Anderson, who relies on his ability to remember the past, is incredibly proficient in seeing the future as well.
As senior staff engineer for Advanced Technology at John Deere Electronic Solutions, Anderson utilizes his ability to bring diverse and emerging areas of technical expertise together into invention disclosures and patents. That talent protects Deere's intellectual property and provides the company with a distinctive competitive advantage.
He has 117 U.S. patents, the highest number for active Deere employees and among the top 5 all-time at Deere. When it comes to getting patents there are two thresholds, the novel and the non-obvious. Novel means you are not copying something that has already been done. Non-obvious is basic at face value. It means there's an applied standard that the invention was not obvious at the time of its creation.
Getting there, understanding Anderson's process, requires some explaining. Sorting through what's in his head is Step 1, he said. Step 2 is his ability to search well, to go on the internet and be able to focus on the missing elements and possible solutions to an idea. "I think I'm a better searcher than the average person," he said.
He now quotes famed inventor Louis Pasteur as he tries to explain what makes himself successful. "Serendipity favors the prepared mind."
It is fitting. Of course, he also offers this insight in to how his brain works: "Stuff jumps into it." And you believe it may be just that simple.
Can it all be frustrating, this exercise of communicating his vision? Anderson exhales audibly. "How do you explain to someone when you see something that someone has not seen before?"
Bringing it all together
He calls invention both a science and an art with many people having one, but not the other. He's run this formula for seemingly every aspect of his life: career goals, the Fellows Award, and his place at John Deere.
He has what he calls the 200/25,000/1 goal. It is two career objectives and one vocational. The 200 is the number of US patents he hopes to reach. This, of course, is calculated based on submission and acceptance rates and number of years left to work. The 25,000 is miles walked in the 4th quarter of his career. It means, he said, that he would have had a good work-life dynamic and good health.
"These two goals can be pursued in a very selfish sort of way but are kept in check by the 1," Anderson said.
The 1 is a "fullness element" which encompasses the career objectives. It is, he said, service to God, humanity, Deere, his co-workers, and others. That's the vocational objective that ties in to his personal callings of applied research and technology transfer. "It's about contributing to all those stakeholders."
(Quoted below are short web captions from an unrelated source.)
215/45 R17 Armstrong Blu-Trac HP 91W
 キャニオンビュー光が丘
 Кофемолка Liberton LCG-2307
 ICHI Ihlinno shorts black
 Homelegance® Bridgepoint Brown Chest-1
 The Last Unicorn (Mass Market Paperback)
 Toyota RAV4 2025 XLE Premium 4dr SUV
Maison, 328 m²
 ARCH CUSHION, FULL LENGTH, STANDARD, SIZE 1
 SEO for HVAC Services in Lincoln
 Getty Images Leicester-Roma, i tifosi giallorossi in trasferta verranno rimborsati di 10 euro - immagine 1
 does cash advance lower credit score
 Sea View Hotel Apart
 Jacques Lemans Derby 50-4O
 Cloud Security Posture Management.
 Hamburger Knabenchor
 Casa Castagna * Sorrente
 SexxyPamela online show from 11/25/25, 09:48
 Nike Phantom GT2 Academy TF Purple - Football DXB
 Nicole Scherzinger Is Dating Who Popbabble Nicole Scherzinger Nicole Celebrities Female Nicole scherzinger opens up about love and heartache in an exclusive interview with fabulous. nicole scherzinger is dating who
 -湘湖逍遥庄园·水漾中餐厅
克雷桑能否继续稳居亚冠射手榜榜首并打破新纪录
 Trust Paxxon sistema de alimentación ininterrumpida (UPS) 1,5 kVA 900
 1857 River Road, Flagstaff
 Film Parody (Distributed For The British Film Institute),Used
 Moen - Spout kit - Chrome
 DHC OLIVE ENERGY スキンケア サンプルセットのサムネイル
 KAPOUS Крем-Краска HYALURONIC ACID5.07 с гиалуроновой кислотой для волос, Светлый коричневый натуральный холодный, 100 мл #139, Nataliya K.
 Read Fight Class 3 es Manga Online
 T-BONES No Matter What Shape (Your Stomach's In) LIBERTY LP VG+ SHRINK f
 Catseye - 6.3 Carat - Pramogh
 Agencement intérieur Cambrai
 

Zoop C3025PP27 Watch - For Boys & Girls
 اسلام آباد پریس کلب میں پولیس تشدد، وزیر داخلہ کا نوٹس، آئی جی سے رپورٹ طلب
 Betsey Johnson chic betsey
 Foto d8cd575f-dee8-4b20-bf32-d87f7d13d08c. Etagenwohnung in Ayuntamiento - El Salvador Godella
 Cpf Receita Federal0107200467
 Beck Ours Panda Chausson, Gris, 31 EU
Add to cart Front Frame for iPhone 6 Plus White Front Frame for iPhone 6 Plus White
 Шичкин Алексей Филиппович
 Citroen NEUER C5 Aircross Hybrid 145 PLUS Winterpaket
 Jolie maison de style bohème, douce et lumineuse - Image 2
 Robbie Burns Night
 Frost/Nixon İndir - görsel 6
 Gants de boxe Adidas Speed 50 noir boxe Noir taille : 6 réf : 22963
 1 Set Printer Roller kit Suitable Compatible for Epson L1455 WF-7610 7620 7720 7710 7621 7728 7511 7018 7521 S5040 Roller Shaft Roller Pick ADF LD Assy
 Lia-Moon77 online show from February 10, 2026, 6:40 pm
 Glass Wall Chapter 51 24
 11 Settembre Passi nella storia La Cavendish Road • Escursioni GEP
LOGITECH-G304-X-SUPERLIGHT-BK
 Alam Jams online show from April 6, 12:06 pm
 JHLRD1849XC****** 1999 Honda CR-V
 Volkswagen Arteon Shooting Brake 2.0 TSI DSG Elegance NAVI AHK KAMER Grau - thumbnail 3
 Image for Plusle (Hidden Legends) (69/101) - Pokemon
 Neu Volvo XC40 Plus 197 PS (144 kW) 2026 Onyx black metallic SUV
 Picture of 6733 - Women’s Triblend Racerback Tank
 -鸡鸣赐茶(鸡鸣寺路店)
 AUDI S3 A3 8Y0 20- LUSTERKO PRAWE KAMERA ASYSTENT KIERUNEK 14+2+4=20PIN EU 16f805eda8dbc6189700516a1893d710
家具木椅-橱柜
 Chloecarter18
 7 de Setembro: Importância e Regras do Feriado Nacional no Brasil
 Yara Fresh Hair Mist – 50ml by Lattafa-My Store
Where does winning the Fellow Award fit in? "It's a secondary peak," Anderson said. "The 200 patents (goal) is the primary summit." He admits it took him a few weeks to study – yes, study – the reasons why he would have won a Fellow Award. He felt as if he didn't meet the criteria initially.
"I had to push it away and study it from a distance," he said. "I finally came to understand and accept how I was qualified. It is a great honor."
That recognition reinforces his commitment to Deere. He is, after all, the kind of talent that has many suitors.
"What keeps me at Deere? Habit," he says dryly. "It's working well. I've got relationships and support here. And," now he pauses, "if I went anywhere else I'd have to work against my existing patent portfolio."
And even he may not have a quick answer on how to do that.